Last year, it could be remembered how hard the economy was struggling. In January this year, U.S. workers got an increase of 1.1 percent on their after tax-income. With this, workers were able to save some and that led to an almost 2.6 percent increase in saving rate as of February. This is 2.2 percent more compared to the record in January. According to the Commerce Department, this figure is two times higher than the initial estimate. This is, by far, the biggest raise recorded in the past five months.
Consumer spending and the U.S. economy
The figures only show that the U.S. economy is gaining its momentum.
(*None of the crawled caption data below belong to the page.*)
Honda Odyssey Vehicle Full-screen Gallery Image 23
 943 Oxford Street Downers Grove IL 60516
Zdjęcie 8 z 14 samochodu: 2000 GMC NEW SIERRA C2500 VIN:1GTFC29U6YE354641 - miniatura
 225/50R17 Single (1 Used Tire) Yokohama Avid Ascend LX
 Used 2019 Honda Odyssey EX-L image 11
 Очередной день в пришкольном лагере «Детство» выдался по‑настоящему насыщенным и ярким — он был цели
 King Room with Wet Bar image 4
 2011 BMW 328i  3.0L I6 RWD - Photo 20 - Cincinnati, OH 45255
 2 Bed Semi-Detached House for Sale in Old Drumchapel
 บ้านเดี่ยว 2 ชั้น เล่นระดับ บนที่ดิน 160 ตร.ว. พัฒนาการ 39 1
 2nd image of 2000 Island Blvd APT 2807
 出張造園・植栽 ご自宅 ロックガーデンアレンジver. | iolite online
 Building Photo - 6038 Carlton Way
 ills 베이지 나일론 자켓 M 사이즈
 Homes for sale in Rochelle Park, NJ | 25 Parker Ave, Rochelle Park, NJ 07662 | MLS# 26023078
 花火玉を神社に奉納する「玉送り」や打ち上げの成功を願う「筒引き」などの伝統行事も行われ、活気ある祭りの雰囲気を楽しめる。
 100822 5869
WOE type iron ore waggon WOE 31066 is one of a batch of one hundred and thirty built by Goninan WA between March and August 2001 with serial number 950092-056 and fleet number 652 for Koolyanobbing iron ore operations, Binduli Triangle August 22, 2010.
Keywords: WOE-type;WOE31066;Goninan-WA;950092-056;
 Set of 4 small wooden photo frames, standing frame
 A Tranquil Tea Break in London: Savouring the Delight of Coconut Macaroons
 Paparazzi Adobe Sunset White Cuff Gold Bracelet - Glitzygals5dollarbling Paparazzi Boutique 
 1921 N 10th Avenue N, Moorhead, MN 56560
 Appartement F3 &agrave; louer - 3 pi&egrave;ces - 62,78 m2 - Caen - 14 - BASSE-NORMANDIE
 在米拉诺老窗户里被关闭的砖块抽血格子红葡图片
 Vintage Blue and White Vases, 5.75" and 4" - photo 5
The economy is further boosted by the increased hiring rate, larger business financing and expenditures and the well performing stock market as well. Recently, the housing market is also getting stronger.
Consumer spending in the first three months of the year is quite impressive considering the economic state last year. This is because the 70 percent of the overall economic activity comes from consumer spending. Experts explained if the January to March performance is maintained, the economy will grow by three percent per annum. When it happens, it will be a tremendous growth from the 0.4 percent rate in the last quarter of 2012, which was affected by the massive defense cuts in 40 years and the snail-like company reserves.
The U.S. economy despite the tax increase
Economy analysts say that the recent consumer spending is somewhat surprising, especially when the subsequent oil price hike and hefty Social Security taxes are taken into account. They described the figures as the quickest quarterly gain ever recorded in the past couple of years. Should it continue, the three percent annual growth rate will be the fastest gain in three years.
Inflation went up by 1.3 percent in February than the year before as it is closely tied to the consumer spending. This is relatively lower than the initial two percent target by the Federal Reserve. With this, the Fed will not be affected by the price pressure and at the same time provide a room to breathe for banks to drive the economy even more.
Although there was an increase in taxes, it has not affected the economy in any way that has been previously expected. It is mainly due to the fact that companies are continuously hiring workers as well as slowly increasing their pay. Businesses have also become more aggressive with investments on equipment and machinery.
Home-equity loans and bad credit loans account for about two percent of consumer spending. Statistics also show that types of loans are rising again. This means they are among the powerful economic activity generators. More Americans feel richer than the past two years, although they are trapped in mortgages and paying high interest rate on loans. Should this trend go on, the U.S. economy will fully recover in no time.